I am having trouble keeping up. Just which Holiday Software Update will the FSD Beta testers be getting? Also, will it pick up all the features that the non-beta testers have been getting? I am on 2022.36.20. Lost in the numbers.


----------



## garsh (Apr 4, 2016)

RonAz said:


> Just which Holiday Software Update will the FSD Beta testers be getting?


FSD Beta testers aren't getting the Holiday Update.
I mean, they'll get the features eventually, but there currently is no FSD Beta build with those new features.



> Also, will it pick up all the features that the non-beta testers have been getting? I am on 2022.36.20. Lost in the numbers.


The Holiday Update features are available in 2022.44.25.1 and more recent versions.


----------



## RonAz (Oct 16, 2018)

Sounds like a lump of coal from Elon to me


----------



## garsh (Apr 4, 2016)

RonAz said:


> Sounds like a lump of coal from Elon to me


FSD Beta testers have always lagged behind when it comes to regular release features. That's one of the reasons I decided to not request the beta.


----------



## skygraff (Jun 2, 2017)

44.25.5 just showed up in my queue and I’m on the FSD beta fork. From posts here, I can’t quite figure out if this is still FSD (beta wide) or if I’ve been booted.

Just checked another source and confirmed that this includes FSD beta code.


----------



## tivoboy (Mar 24, 2017)

skygraff said:


> 44.25.5 just showed up in my queue and I’m on the FSD beta fork. From posts here, I can’t quite figure out if this is still FSD (beta wide) or if I’ve been booted.
> 
> Just checked another source and confirmed that this includes FSD beta code.


I’m pretty sure 44.25.5 is still FSDb, it shows as 10.69.25, which should also include a bunch of UI and feature enhancements.. whether or not that is holiday update, unsure.

What it most likely DOES mean though is that even us (maybe) original OG’s aren’t going to be getting V11 before Xmas. Maybe New Years, but I don’t even think I got that last “holiday update” last Year or the year prior till late Jan.

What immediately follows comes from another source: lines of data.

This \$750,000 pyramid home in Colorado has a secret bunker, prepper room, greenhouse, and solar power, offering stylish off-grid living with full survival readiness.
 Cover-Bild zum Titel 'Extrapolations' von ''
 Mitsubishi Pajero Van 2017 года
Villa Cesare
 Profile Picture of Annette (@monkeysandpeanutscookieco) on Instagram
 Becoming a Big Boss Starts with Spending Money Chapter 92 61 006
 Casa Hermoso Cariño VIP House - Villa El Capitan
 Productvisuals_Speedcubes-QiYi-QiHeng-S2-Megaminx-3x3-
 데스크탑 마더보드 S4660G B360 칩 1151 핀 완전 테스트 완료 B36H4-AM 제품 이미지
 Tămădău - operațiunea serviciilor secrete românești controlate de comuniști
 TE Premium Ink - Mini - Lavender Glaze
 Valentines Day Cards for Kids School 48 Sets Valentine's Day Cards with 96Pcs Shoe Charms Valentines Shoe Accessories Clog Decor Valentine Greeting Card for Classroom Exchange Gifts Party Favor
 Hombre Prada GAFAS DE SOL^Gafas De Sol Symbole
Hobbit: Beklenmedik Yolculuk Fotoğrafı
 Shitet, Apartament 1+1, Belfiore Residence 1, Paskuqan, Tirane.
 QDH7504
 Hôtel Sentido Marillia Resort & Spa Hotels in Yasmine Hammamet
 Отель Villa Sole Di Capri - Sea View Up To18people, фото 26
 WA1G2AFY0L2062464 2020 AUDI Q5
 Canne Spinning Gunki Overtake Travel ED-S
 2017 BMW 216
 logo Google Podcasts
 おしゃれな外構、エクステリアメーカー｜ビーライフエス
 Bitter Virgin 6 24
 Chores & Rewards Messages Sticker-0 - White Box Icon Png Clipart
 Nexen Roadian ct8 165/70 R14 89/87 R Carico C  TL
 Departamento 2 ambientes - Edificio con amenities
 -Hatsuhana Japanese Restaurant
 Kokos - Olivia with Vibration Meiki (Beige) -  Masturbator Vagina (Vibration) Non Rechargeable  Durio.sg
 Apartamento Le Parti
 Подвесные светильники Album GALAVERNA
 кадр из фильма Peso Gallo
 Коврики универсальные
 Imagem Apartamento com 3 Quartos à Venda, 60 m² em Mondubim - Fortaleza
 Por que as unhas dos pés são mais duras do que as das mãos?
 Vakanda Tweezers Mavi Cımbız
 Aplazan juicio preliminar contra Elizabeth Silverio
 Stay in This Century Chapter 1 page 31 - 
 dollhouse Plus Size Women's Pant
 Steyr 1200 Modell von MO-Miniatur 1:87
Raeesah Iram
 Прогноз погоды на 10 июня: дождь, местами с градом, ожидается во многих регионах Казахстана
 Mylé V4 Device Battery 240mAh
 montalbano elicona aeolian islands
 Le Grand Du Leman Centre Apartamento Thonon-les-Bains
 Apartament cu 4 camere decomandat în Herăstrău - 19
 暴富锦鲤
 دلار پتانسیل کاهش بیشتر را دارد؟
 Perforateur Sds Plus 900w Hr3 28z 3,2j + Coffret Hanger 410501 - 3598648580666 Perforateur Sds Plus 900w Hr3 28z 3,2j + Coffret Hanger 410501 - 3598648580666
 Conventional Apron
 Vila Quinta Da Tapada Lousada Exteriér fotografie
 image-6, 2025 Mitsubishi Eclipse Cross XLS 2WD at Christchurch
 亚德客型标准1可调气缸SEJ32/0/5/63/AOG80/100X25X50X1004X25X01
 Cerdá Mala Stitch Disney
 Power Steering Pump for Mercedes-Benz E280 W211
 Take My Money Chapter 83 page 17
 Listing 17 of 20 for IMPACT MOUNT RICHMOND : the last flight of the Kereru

FSD Beta 10.69.25 (2022.44.25.5) Official Tesla Release Notes - Software Updates


Tesla software update 2022.44.25.5 (FSD Beta 10.69.25) includes Full Self-Driving (Beta) Suspension, FSD Beta v10.69.25 Release Notes, Apple Music, Steam (Beta), Dog Mode, Media Controls, myQ Connected Garage, Climate Control Fan Speed, Emissions Testing Mode via Mobile App, Zoom Meetings...




www.notateslaapp.com





update: I just installed it myself and everything seems to be there.. FSDb early tester release AND all this “holiday“ stuff.


----------